The motion aperture problem refers to the observation that the direction of a translating contour within an aperture is ambiguous; the motion is consistent with an infinite number of motion directions (Wallach,
1935; Marr & Ullman,
1981; Adelson & Movshon,
1982). This is an intriguing problem for investigation because motion detection units in early visual cortical areas are often characterized as having relatively small receptive fields corresponding to a limited region of visual space: an aperture on the world (Hubel & Wiesel,
1962). Because physiology indicates that the aperture problem is a fundamental one to solve, the question of how the brain resolves locally ambiguous motion information is of some importance. This ambiguous motion can, in theory, be correctly interpreted by integrating motion estimates from several local detectors. Many models of visual motion detection, therefore, consist of two stages: one where local information is analyzed and a second stage where local detectors are combined (Adelson & Movshon,
1982; Welch,
1989; Weiss, Simoncelli, & Adelson, 1998).
In this two-stage framework, the “barber pole” display of Wallach (
1935; translated by Wuerger, Shapley, & Rubin,
1996) provides evidence that the shape of the aperture could influence the perceived direction of motion. Specifically, elongated apertures bias motion perception along the direction of the longest side. These results have been explained as the propagation of motion signals generated by the grating line terminators along the aperture border. These border terminators provide unambiguous motion information and disambiguate the local motion signals of the inner regions of the stimulus after integration across local apertures. Shimojo, Silverman, and Nakayama (
1989) described two possible ways of classifying aperture borders in a real world situation, as either being intrinsic (belonging to the grating) or extrinsic (resulting from occlusion). By adding stereoscopic disparity information to the borders, Shimojo et al. were able to bias the perception of motion in the barber pole stimulus. When disparity was added to the border of the aperture so that the grating appeared in front of the aperture and thus all borders were intrinsic, the barber pole effect followed the aperture shape observations of Wallach (
1935). When disparity was added to the border of the aperture so that the grating appeared behind the aperture and thus all the borders were extrinsic, the influence of the aperture shape was eliminated. In this configuration, the grating can be interpreted as being completed at a depth behind the occluder, following a process similar to amodal completion (Kanizsa,
1979). These results imply that real-world occlusion conditions can influence the perception of motion direction.

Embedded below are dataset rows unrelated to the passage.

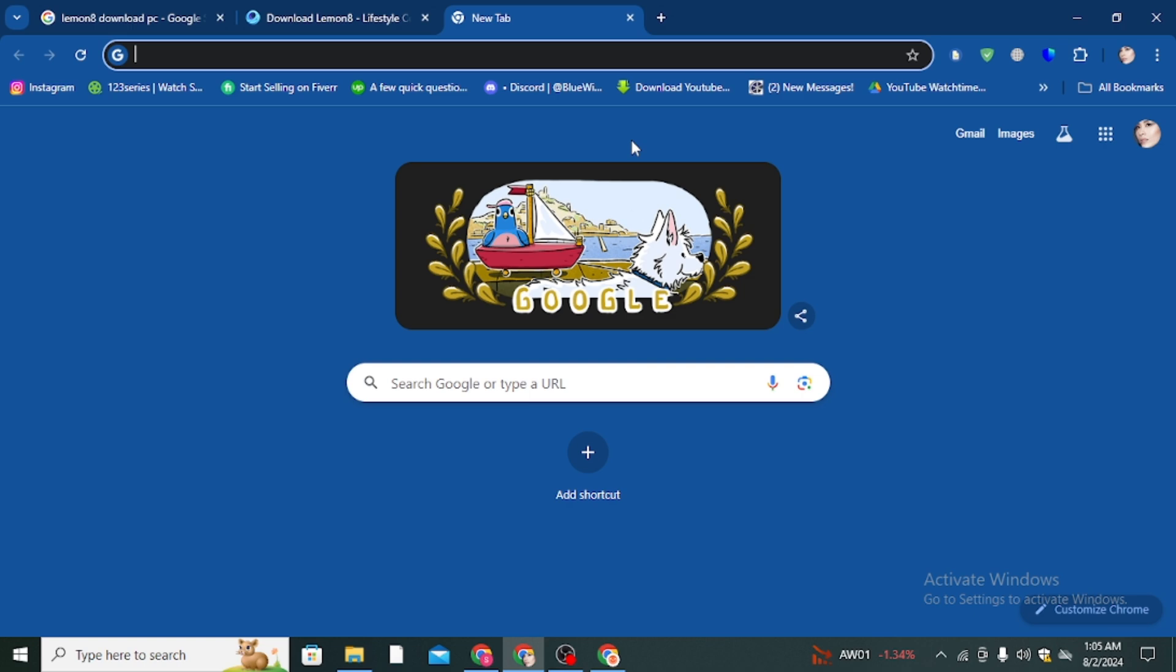Then you can create your account on it. Lemonade is a very amazing app where you can post your activities and your daily routines like you're using Snapchat and Facebook, etc. But back to the topic of how we can download Lemonade for desktop.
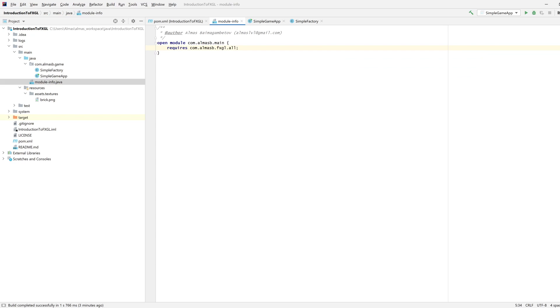Then all you need to do is require the top level fxgl.all module, and that will automatically get all other modules as dependencies to your project.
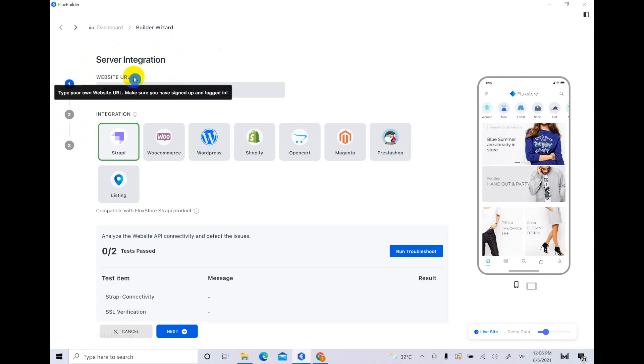If you do not login, you will not be able to input your website URL when create new app.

Duncan, Albright, and Stoner (
2000) carried out an additional test of the intrinsic and extrinsic border classification, pitting intrinsic borders against extrinsic borders in a stimulus configuration that they termed the “barber-diamond” stimulus. In the barber-diamond stimulus, two borders are oriented at 45° and two at −45° to the grating orientation. Disparity was used to designate two alternate borders as intrinsic (behind the grating) or extrinsic (in front). The bordering panels were composed of random dot textures. With this stimulus it was found that motion perception was consistently seen in the direction parallel to the intrinsic border, following the intrinsic-extrinsic predictions. Electrophysiological recordings in monkey area MT conformed with the human psychophysical data, finding cells that responded maximally to depth-motion conditions consistent with the perceived direction of surface motion under an occluder.

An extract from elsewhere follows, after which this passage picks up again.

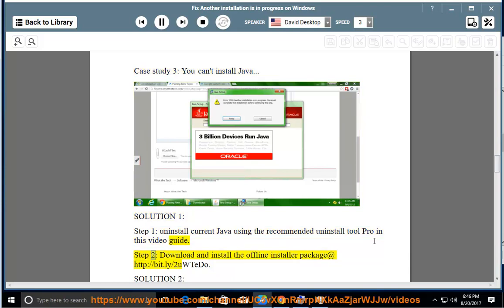Step 2: Download and install the offline installer package at http://bit.ly/2uwtno.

Several studies have indicated that the results of Shimojo et al. (
1989) and Duncan et al. (
2000) might be explained as a result of half-occlusions, or unpaired monocular regions in the stimulus, introduced by the local displacement of the interocular positions of contour terminators (Anderson,
1999; Castet & Wuerger,
1997; Castet, Charton, & Dufour,
1999). Monocular occlusion cues in stimuli that have no disparity have also been shown to influence the perception in an aperture stimulus (Liden & Mingolla,
1998).
The present study seeks to further investigate the effect of intrinsic and extrinsic border classification by using a different method to provide depth information to the observer. We introduced monocular structure-from-motion information to designate the aperture borders as being intrinsic or extrinsic prior to grating motion. The use of prior structure-from-motion information is interesting for a couple of reasons: it eliminates both monocular and binocular cues to depth ordering during the test phase of the stimulus, and it allows testing of the contribution of prior information to a relatively simple motion stimulus. In a second experiment, we tested the strength of this prior information using the barber pole stimulus. In a third experiment, we explored the time course of the influence of the prior information.